McAfee Corp. (“McAfee” or the “Company”) today announced that it has commenced an initial public offering of 37,000,000 shares of its Class A common stock, with 30,982,558 shares being offered by the Company and 6,017,442 shares being offered by existing stockholders pursuant to a registration statement filed on Form S-1 with the Securities and Exchange Commission (the “SEC”). The underwriters will have a 30-day option to purchase up to an additional 5,550,000 shares of common stock, consisting of 1,230,541 shares from the Company and 4,319,459 shares from the existing stockholders. The price range for the initial public offering is currently estimated to be between $19.00 and $22.00 per share. The Company has applied to list its Class A common stock on the Nasdaq Global Select Market under the ticker symbol “MCFE”.

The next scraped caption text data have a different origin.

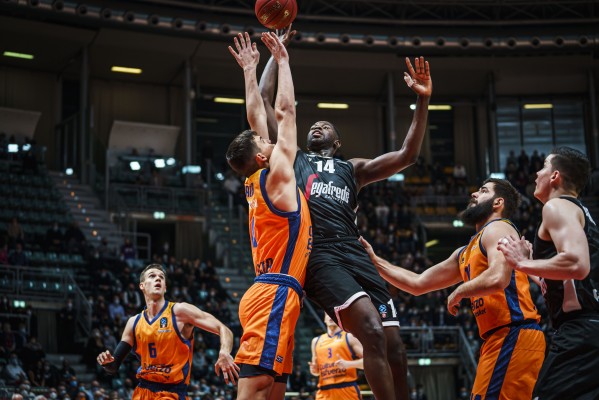 Remontada épica de Valencia Basket en Bolonia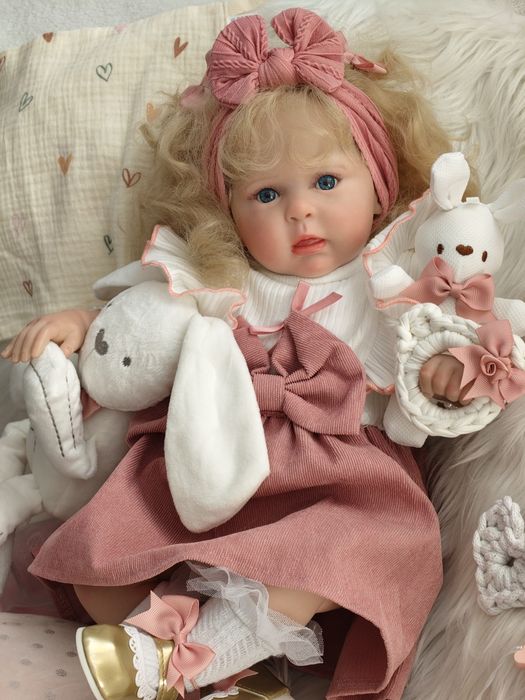 Lala w typie reborn z materiałowym brzuszkiem
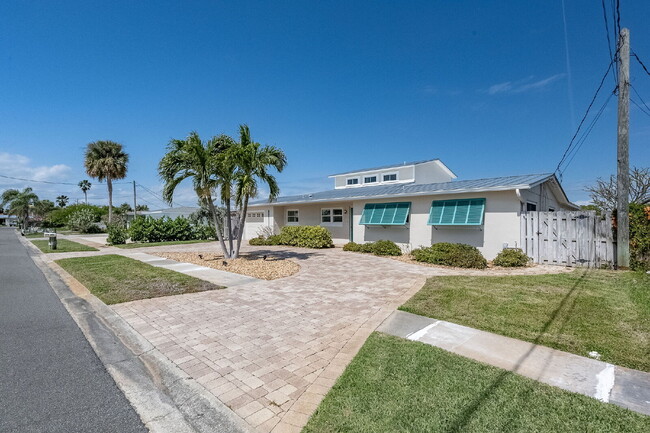 Primary Photo - Gorgeous deep water canal front home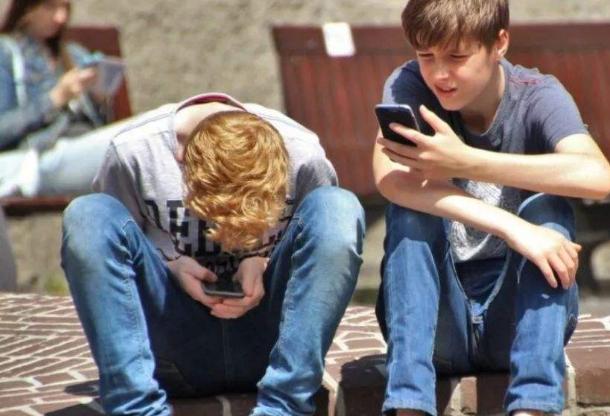 孩子总爱吹嘘自己，父母们要警惕，这很可能是达克效应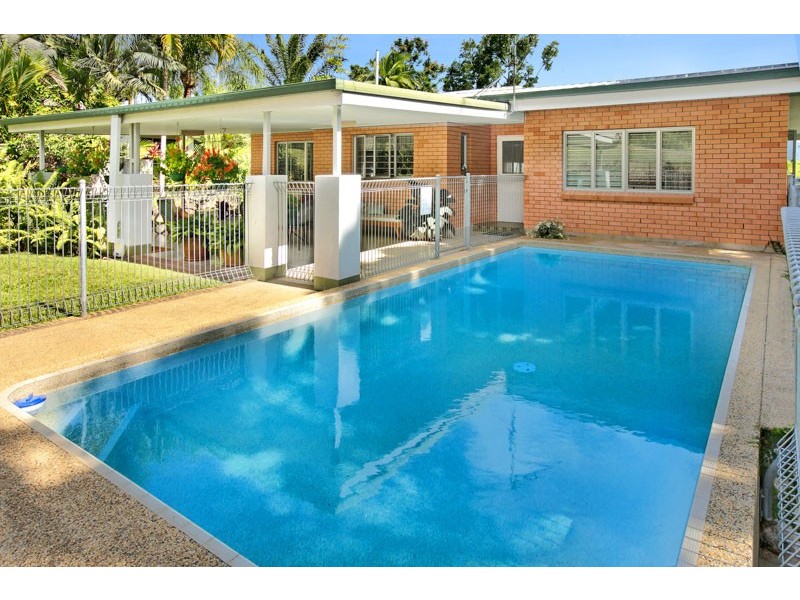 13 Ray Street, Yorkeys Knob QLD 4878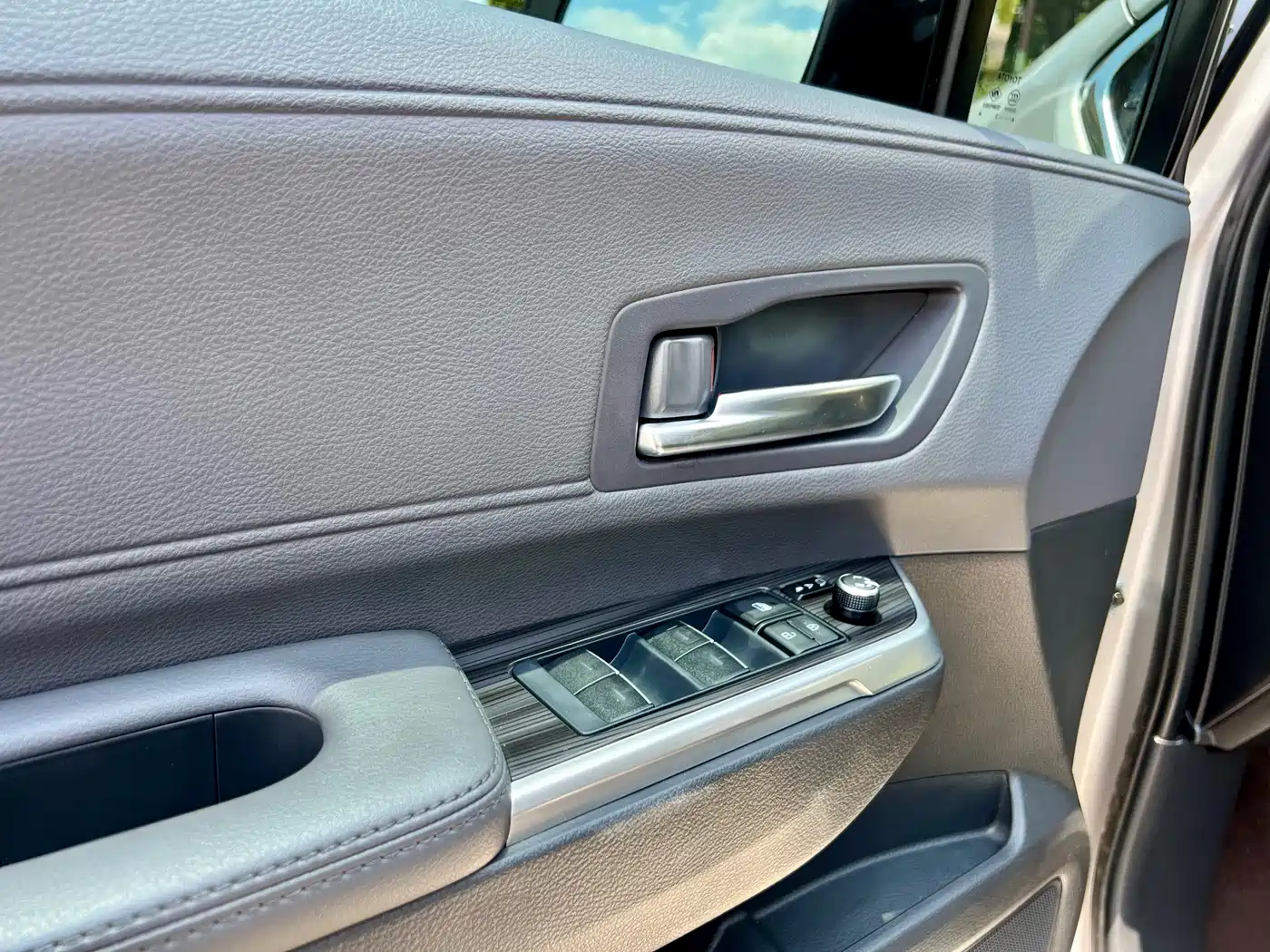 Toyota Sienna 2021 2.5L Hybrid Ultimate Edition фото 8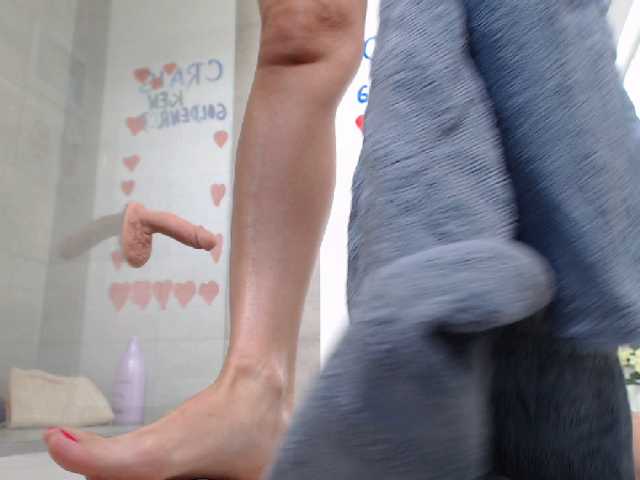 Yayın ekran görüntüleri KinkyMoni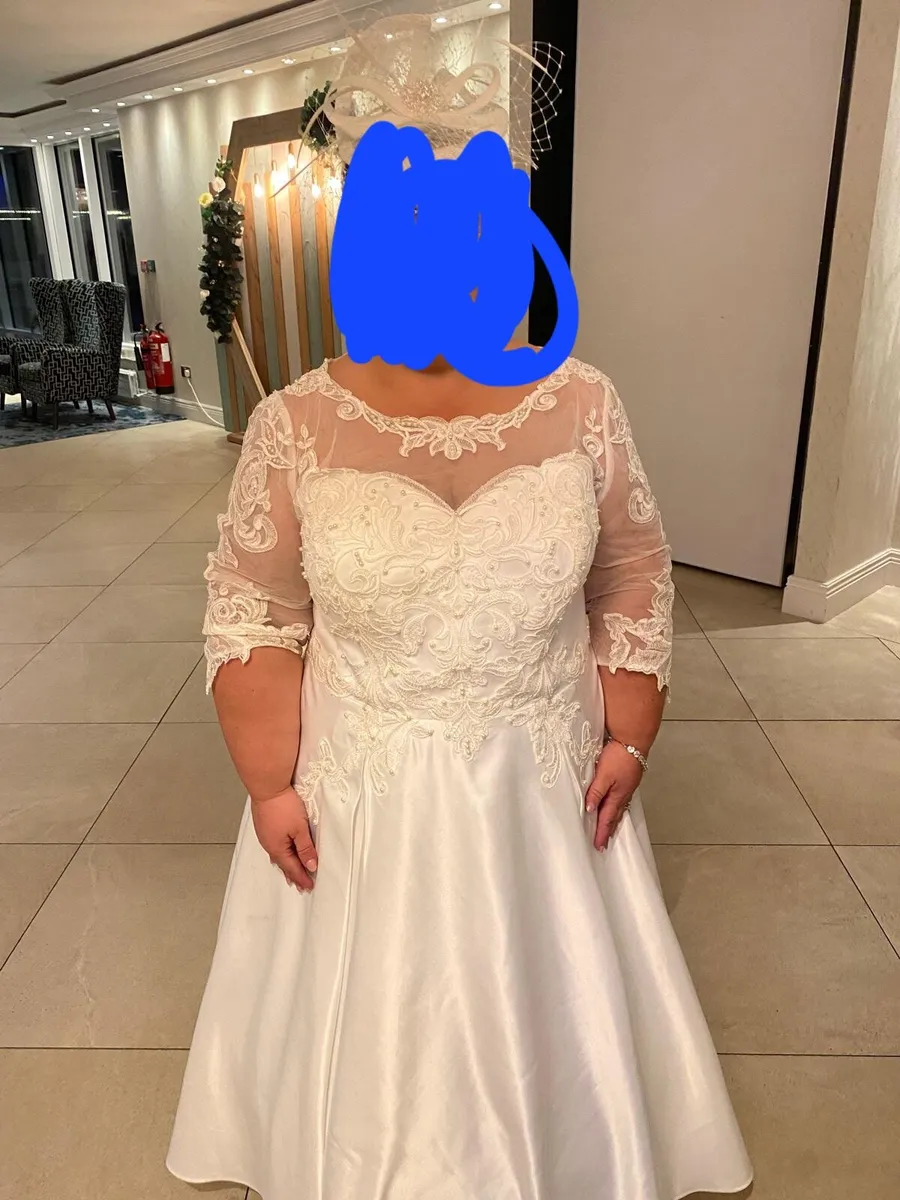 Wedding dress - Image 2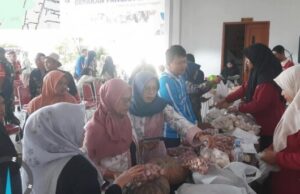 Gerakan Pangan Murah Digelar Pemkab Bojonegoro di Tapelan, Disambut Antusias Warga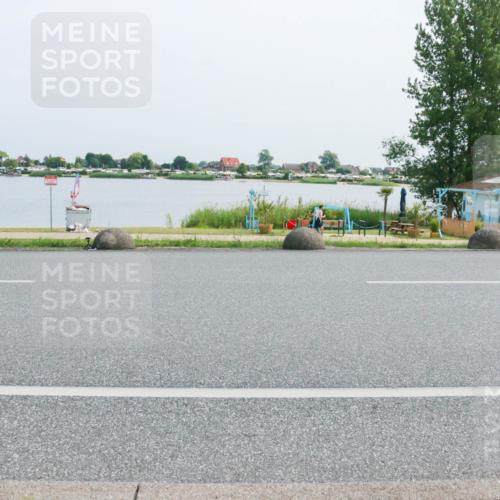 21.06.2025 - 27. Vierlanden-Triathlon H.Heesch http://msf.ph/oto/8014987 15.06.2025 11:51:46 Radfahren 841 meine-sportfotos.de
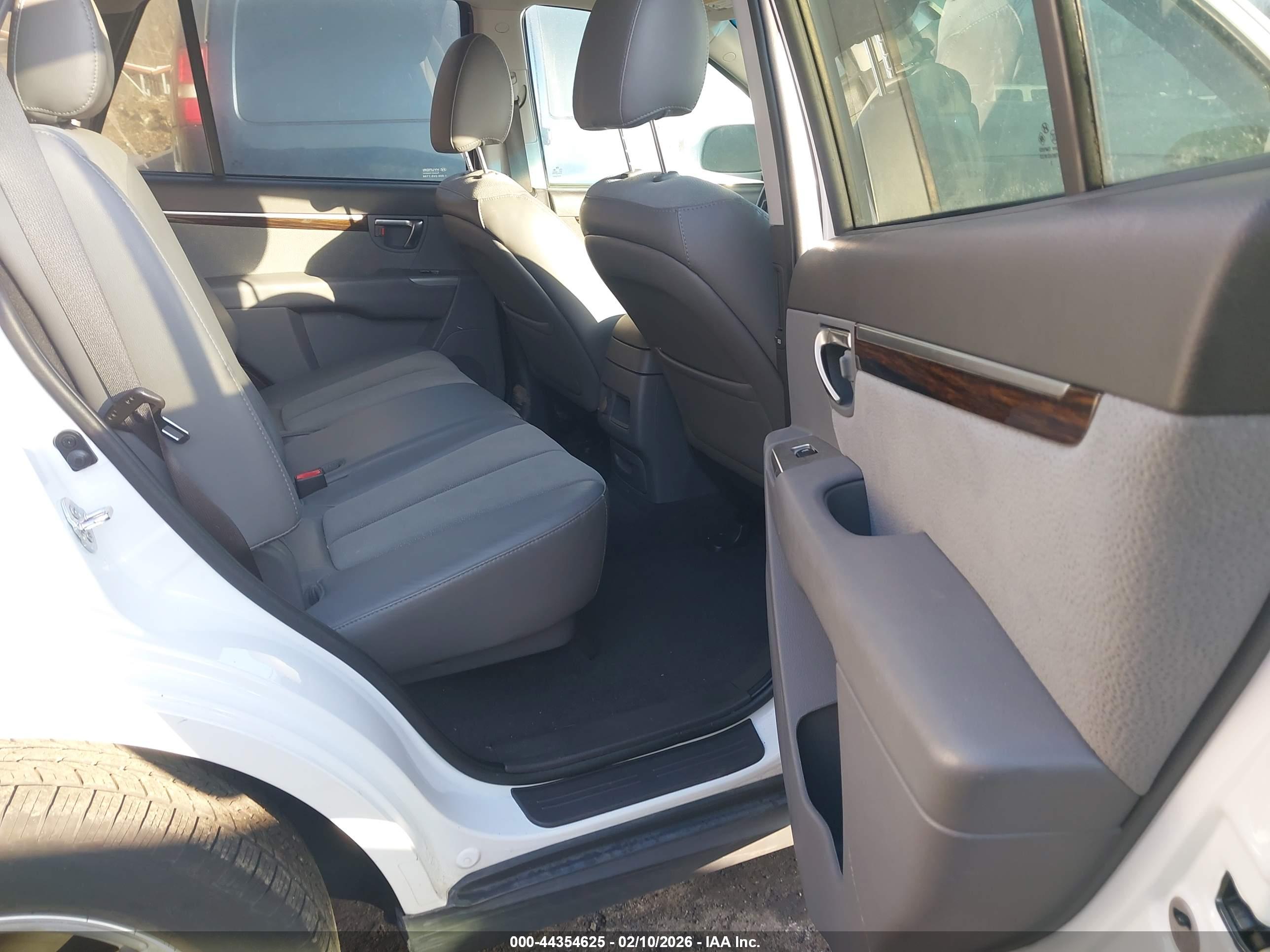HYUNDAI SANTA image 8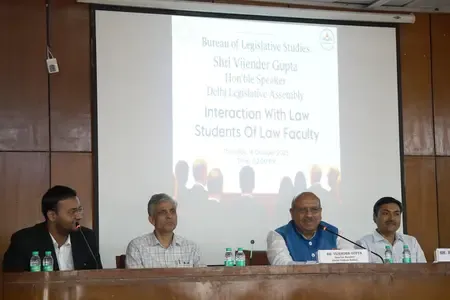 क्या दिल्ली विधानसभा अध्यक्ष विजेंद्र गुप्ता ने डीयू के लॉ स्टूडेंट्स से बातचीत की?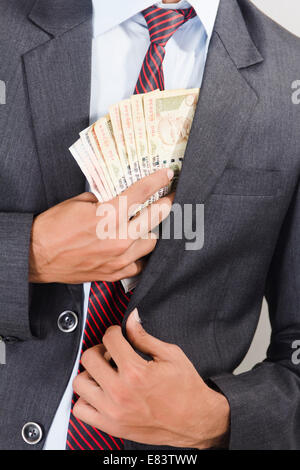 Indian business man risparmiando soldi in tasca Foto Stock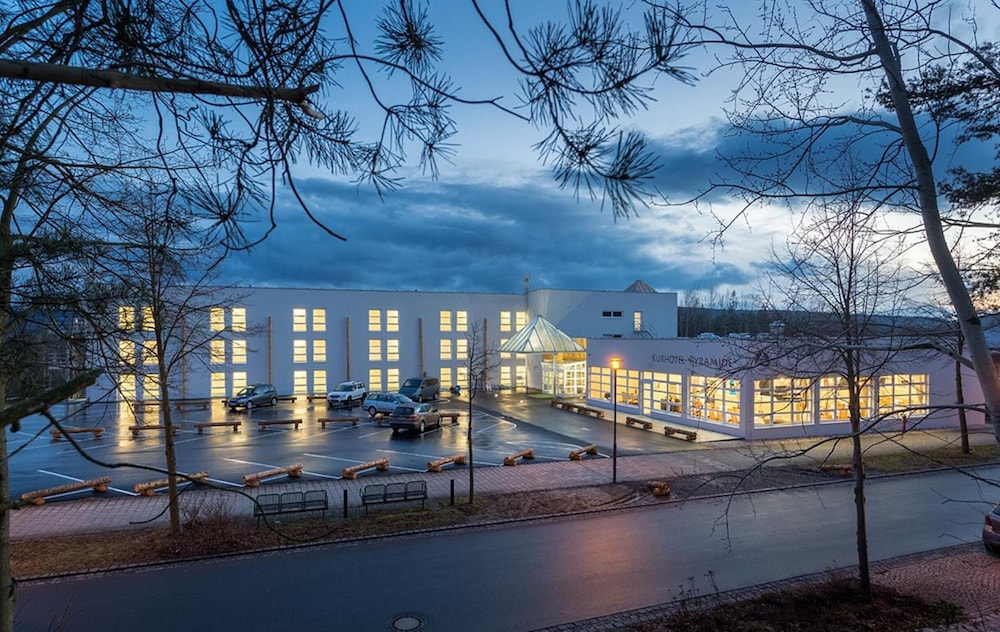 Kurhotel Pyramide Sibyllenbad 35/40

Out of the 30,982,558 shares of Class A common stock that the Company is offering, it intends to use the net proceeds that it receives from the sale of 29,268,293 shares of its Class A common stock to repay its Second Lien Term Loan for working capital and other general corporate purposes. The Company intends to use the net proceeds that it receives from the remaining 1,714,265 shares (or 2,944,806 shares if the underwriters exercise in full their option to purchase additional shares) of Class A common stock to purchase equity interests from existing stockholders. The Company will not receive any proceeds from the sale of shares of Class A common stock by the existing stockholders.
Morgan Stanley and Goldman Sachs & Co. LLC are acting as lead book-running managers and representatives of the underwriters for the offering. TPG Capital BD, LLC, BofA Securities and Citigroup are also acting as lead book-running managers. RBC Capital Markets, Deutsche Bank Securities, UBS Investment Bank, HSBC and Mizuho Securities will serve as joint-bookrunning managers for the proposed offering. Evercore ISI, Piper Sandler, Stifel, Academy Securities, Blaylock Van, LLC, C.L. King & Associates, Ramirez & Co., Inc., and Siebert Williams Shank are acting as co-managers for the offering.
The proposed offering will be made only by means of a prospectus. A copy of the preliminary prospectus related to the offering may be obtained, when available, from Morgan Stanley & Co. LLC, Attention: Prospectus Department, 180 Varick Street, 2nd Floor, New York, NY 10014 or Goldman Sachs & Co. LLC, Attention: Prospectus Department, 200 West Street, New York, New York 10282, telephone: 1-866-471-2526, facsimile: 212-902-9316 or by emailing prospectus-ny@ny.email.gs.com.
A registration statement on Form S-1 relating to the proposed offering has been filed with the SEC but has not yet become effective. These securities may not be sold, nor may offers to buy be accepted, prior to the time the registration statement becomes effective.